Tertiary structure validation
The plot B in Figure 3 reveals local quality model by displaying the energy as a function of the amino acid sequence location. This plot is made by ProSA-web server. In general, the negative values refer to the problematic or erroneous areas of the input model, which is observed in some parts in adjuvant regions. About our model, these negative values were observed in middle parts including epitope but the lowest value was relevant to the C-terminus connected adjuvant, not the multi-epitope section.
Based on the ProSA-web, the Z-score of peptide chimera was predicted to be -4.3 (Fig. 3C). This value is in the range of native conformations23.The diagram of the predicted local similarity to target and the Z-score value of the homology model is shown in Figure 3B and C.
Based on the Procheck server, The Ramachandran plot analysis of the modeled protein reported that 72.0% of residues in the protein are in the favored regions. 22.2% of the residues were predicted to be in additional allowed regions and 2.3% were in generously allowed regions, with 9 residues (3.5%) in the disallowed regions (Fig. 3D).
Molecular docking of subunit vaccine with MHC molecules
Crystal structure of HLA-A*01:01, HLA-A*24:02, HLA-A*11:01, HLA-A*03:01, HLA- B*07:02, HLA-DRA-DBR1*01:01 and HLA-DPB1*01:02 were retrieved from the PDB RCSB database (PDB ID: 4NQX, 5HGH, 6ID4, 6O9B, 5EO0, 1AQD, 3LQZ, respectively).
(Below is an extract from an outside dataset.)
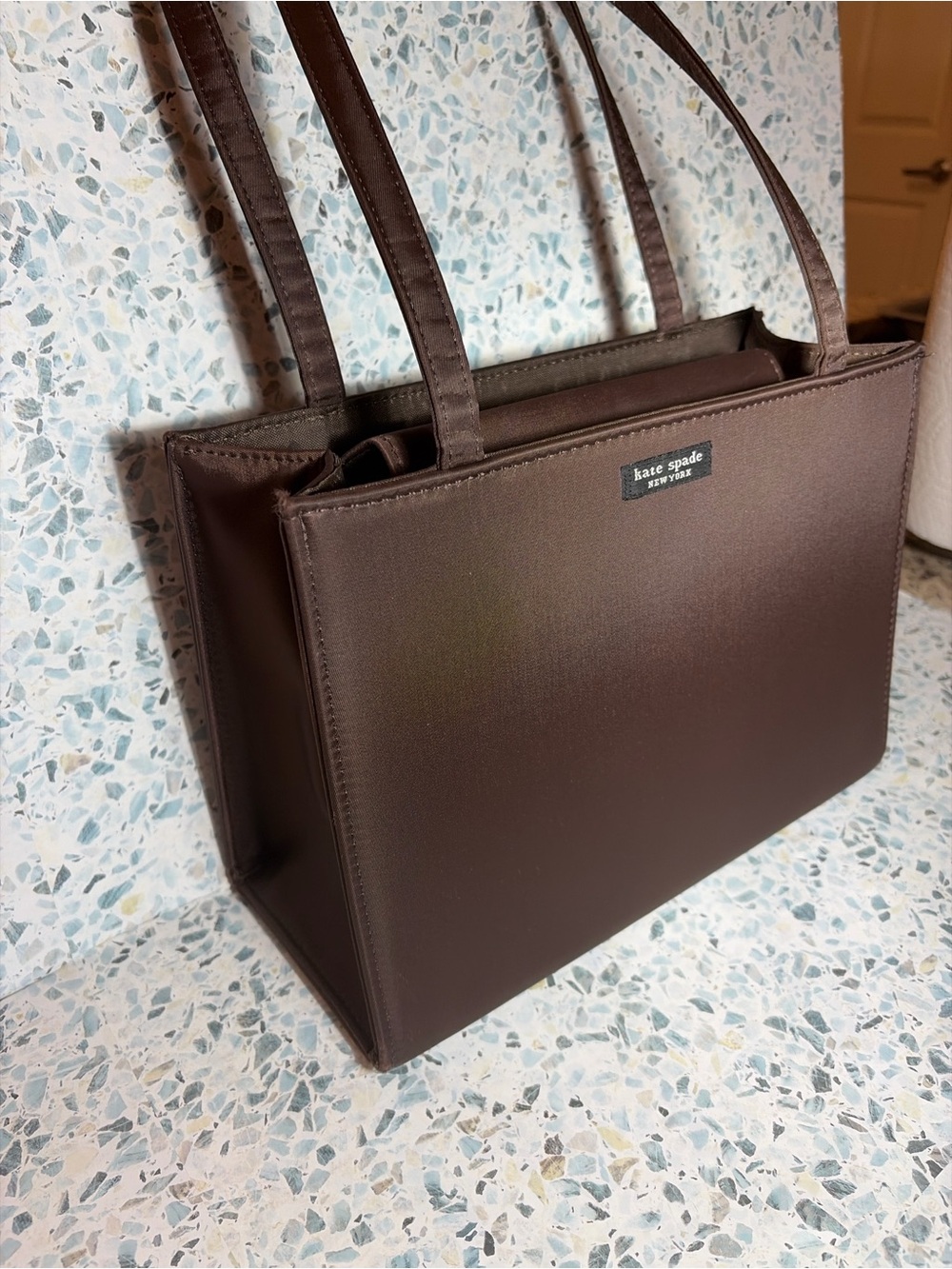 Kate Spade Y2K Brown Satin Nylon Shoulder Tote Bag Minimalist Everyday Purse - Picture 3 of 7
The PDB files were edited and cleaned from heteroatoms. PEP-FOLD 2.0 from the RPBS Web Portal server was used to predict the tertiary structure of 6 epitopes of vaccine construction individually. A molecular docking study was carried out on epitopes and the whole vaccine construction with MHC alleles by the ClusPro 2.0 online server. PyMOL software was used to perform a detailed analysis of the interface of protein-protein interaction (PPI) (Fig. 4). The weighted score of the lowest energy docked complexes are reported in Table 2. The best way to rank the model is the cluster size (number of members) 24,25.The most populated clusters were found in SFVSEETGT and HLA-A*24:02, TLAILTALR and HLA-A*24:02, VTLAILTAL and HLA-A*24:02, and TLAILTALR and HLA-A*01:01 with 997, 997, 990, and 769 cluster members, respectively.
The docking study on the whole vaccine construction with the MHC molecules depicted one of the most probable position and orientation of the peptide within the MHC binding grooves (Fig. 4H). The active residues of Fig. 4I belongs to TLAILTALR epitope which interacts with chain E of HLA-DRB1*01:01.
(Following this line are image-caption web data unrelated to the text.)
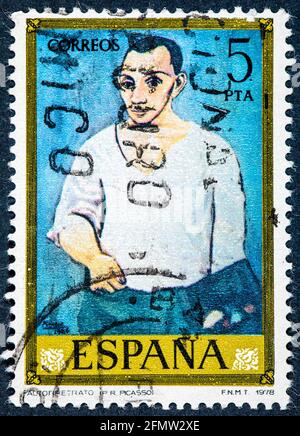 SPAGNA - CIRCA 1978: Francobollo stampato dalla Spagna mostra un autoritratto dipinto da Paul Ruiz Picasso Foto Stock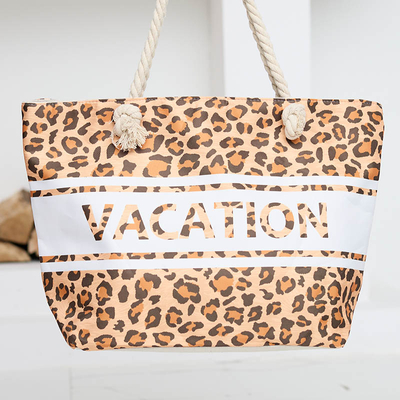 Geanta de plaja dama camel leopard - Accesorii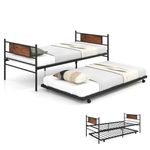 COSTWAY 3FT Metal Day Bed with Trundle, Single Bed Frame with Pull-out Bed, Headboard and Steel Slat Support, Industrial Space-Saving Guest Sofa Bed Platform Bed Base Mattress Foundation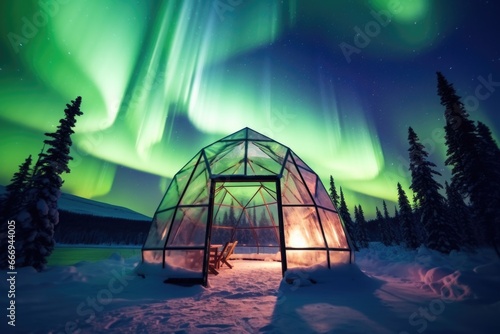 glass igloo under northern lights in a snowy landscape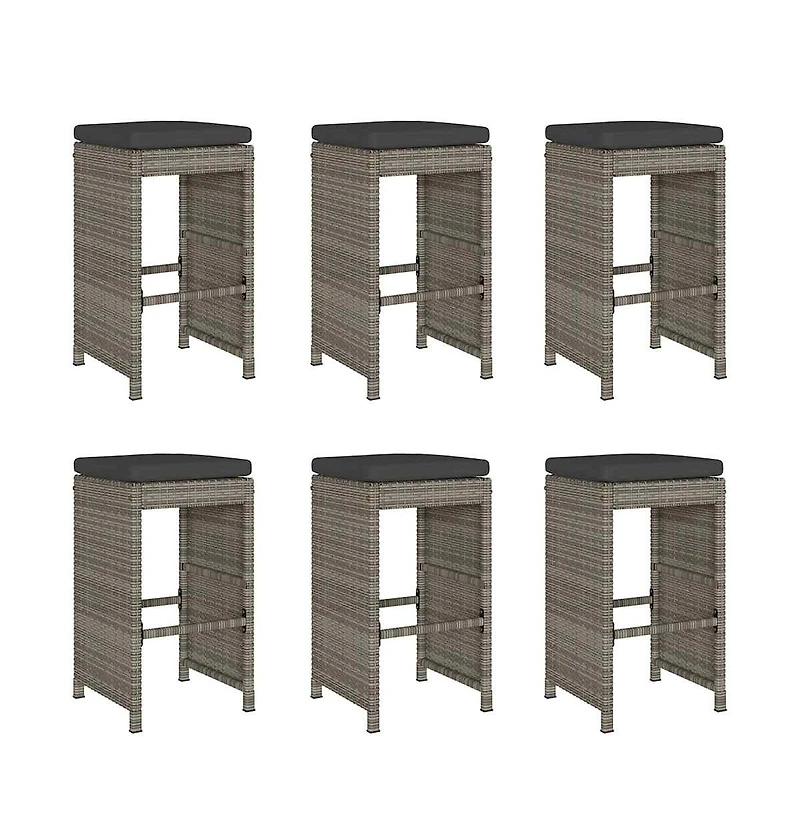 vidaXL Garden Bar Stool Set of 6 Grey Pe rattan, powder-coated steel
Immune response simulation
We predicted the IL4, IL10 and INFγ inducing peptides from the 6 epitopes in the final vaccine construction via IL4pred server, IL10pred server and INFepitope server, respectively. The result predicted the SFVSEETGT epitope as an IL4 inducer and the NVSLVKPSFYVYSRVK as an IL4, IL10, and INFγ inducer and the SFYVYSRVKNLNSSRVPD as an IL4 and IL10 inducer peptide.
The primary and secondary immune responses were stimulated by the C-IMMSIM server. This server simulated the immune response to vaccine candidate (without adjuvants) for three times of injection in the time steps of 1, 84, and 100. Each time step is equal to 8 hours. To make a relative comparison, we made a shuffled sequence of the vaccine candidate as a control protein, and we analyzed the results of the immune response simulation to injection of it. This shuffled sequence was employed to evaluate the significance of the vaccine sequence results, because in immune response simulation by this server, the sequence composition (the final epitopes connected via KK linkers) is an important consideration. Finally, we found out that the results of the vaccine injection varied from those of the controls. The results of the immune response simulations are given in Figures 5 and 6.